Luke Nagy is the pastor of First Brethren Church in Bryan, Ohio. An educated Christian Fundamentalist, Nagy is a regular columnist for The Bryan Times. I have mentioned Nagy several times before:

Pastor Luke Nagy, A Theological Anthropologist

Letter to the Editor: Evangelicalism is One of the Most Hated Religious Sects in America, And They Only Have Themselves to Blame

Several weeks ago, Nagy penned a vitriolic attack on transgender people. The aforementioned letter to the editor of The Times was my brief response to Nagy (I had bigger fish to fry: Evangelicalism). Then, last Thursday, Nagy set his sites on Olympic gold medalist Simone Biles.

Nagy wrote (behind paywall):

So, everyone seems to have an opinion about Simone Biles. And the opinions seem to range from: “You go, girl!” to “She betrayed ‘Merica!” Which is strange, considering nobody cares about women’s gymnastics who isn’t actively participating in women’s gymnastics – unless it’s the Olympics.
….
But I must admit, the whole story is deeply confusing! Biles says she needs to stop competing for her mental health. If her mental state is actually in danger, then bowing out might be the best choice. But didn’t she realize her mental health was this fragile until now? She didn’t realize the pressure was getting to her until after qualifying and opening ceremonies, when the rosters are fixed and she’s already competed? She didn’t consider that this might be too much for her? And even if she didn’t, she can’t just stick it out for a few more days? She’s spent her whole life training for this moment and she’s just going to drop out?
….

However, I think I already stated the real problem. You probably skimmed it over, so I’ll repeat it: “she’s spent her whole life training for this moment.” Sadly, and I can’t say that this is true for Simone, but it is true of MULTITUDES like her, her life revolves around sports, which is a cruel and merciless idol. Gymnastics is not kind to gymnasts, especially women gymnasts.

….

Most of these girls (and guys) build their life around something that is destined to end before their prefrontal cortex is fully formed! They dedicate themselves to something that will be of no use to them after they “retire” in their teens!
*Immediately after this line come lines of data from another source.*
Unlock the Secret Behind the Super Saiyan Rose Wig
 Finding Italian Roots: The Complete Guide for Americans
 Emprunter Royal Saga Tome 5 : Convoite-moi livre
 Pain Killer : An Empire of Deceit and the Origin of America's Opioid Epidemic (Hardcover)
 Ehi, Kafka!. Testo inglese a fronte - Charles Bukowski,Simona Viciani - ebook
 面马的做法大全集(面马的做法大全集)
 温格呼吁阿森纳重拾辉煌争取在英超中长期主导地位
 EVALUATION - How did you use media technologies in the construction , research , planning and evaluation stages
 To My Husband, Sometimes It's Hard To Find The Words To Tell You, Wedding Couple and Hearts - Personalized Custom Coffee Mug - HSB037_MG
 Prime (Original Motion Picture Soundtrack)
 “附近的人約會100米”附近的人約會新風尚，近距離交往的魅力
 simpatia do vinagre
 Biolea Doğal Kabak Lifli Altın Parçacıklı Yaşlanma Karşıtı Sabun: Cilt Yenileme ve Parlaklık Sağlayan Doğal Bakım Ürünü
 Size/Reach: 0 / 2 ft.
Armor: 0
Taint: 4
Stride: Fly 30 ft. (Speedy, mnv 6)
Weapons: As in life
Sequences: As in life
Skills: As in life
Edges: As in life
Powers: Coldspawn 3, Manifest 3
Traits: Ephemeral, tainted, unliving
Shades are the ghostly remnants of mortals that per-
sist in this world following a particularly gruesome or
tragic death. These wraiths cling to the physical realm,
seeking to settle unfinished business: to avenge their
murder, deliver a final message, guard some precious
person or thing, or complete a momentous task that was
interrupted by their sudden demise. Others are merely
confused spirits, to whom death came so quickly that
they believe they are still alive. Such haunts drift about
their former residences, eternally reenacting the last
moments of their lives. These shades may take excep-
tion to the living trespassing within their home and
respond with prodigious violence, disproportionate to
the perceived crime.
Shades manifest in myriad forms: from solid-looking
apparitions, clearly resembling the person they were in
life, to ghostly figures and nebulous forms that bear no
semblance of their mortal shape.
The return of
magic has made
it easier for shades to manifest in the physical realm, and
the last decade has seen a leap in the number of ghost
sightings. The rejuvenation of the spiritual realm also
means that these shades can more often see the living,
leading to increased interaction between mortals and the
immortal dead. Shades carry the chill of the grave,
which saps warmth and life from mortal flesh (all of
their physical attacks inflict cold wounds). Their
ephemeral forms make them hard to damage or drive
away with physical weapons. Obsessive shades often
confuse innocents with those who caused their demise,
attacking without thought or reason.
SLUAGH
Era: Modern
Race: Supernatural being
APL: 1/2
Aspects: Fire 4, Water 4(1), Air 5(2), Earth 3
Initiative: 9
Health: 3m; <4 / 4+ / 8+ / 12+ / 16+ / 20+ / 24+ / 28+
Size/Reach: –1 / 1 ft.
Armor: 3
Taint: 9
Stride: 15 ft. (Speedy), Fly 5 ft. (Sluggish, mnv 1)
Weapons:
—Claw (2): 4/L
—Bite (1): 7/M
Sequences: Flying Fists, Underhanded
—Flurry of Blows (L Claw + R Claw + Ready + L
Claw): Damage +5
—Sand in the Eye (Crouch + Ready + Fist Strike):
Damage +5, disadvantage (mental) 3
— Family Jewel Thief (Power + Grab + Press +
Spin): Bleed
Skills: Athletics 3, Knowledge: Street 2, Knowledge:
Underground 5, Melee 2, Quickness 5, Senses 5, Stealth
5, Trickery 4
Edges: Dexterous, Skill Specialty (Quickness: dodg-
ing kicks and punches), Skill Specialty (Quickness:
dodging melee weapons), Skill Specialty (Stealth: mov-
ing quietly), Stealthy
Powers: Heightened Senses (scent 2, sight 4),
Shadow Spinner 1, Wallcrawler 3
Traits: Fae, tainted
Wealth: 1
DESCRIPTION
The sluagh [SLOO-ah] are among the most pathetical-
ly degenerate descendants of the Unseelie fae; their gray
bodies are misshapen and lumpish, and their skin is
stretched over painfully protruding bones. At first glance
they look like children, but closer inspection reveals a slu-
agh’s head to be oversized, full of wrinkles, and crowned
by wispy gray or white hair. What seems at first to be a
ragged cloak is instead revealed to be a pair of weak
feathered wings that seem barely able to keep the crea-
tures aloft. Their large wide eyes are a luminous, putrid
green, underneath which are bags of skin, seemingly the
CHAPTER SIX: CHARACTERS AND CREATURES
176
Sports is an idol, and like all idols, sports disappoints. I think Simone Biles is coming to grips with the reality that dedicating your life to being the greatest gymnast in history is actually a pretty meaningless and empty life. I think she’s learning just how soul-crushing it is to learn that idols aren’t the living and true God and therefore cannot give life, love, purpose or peace.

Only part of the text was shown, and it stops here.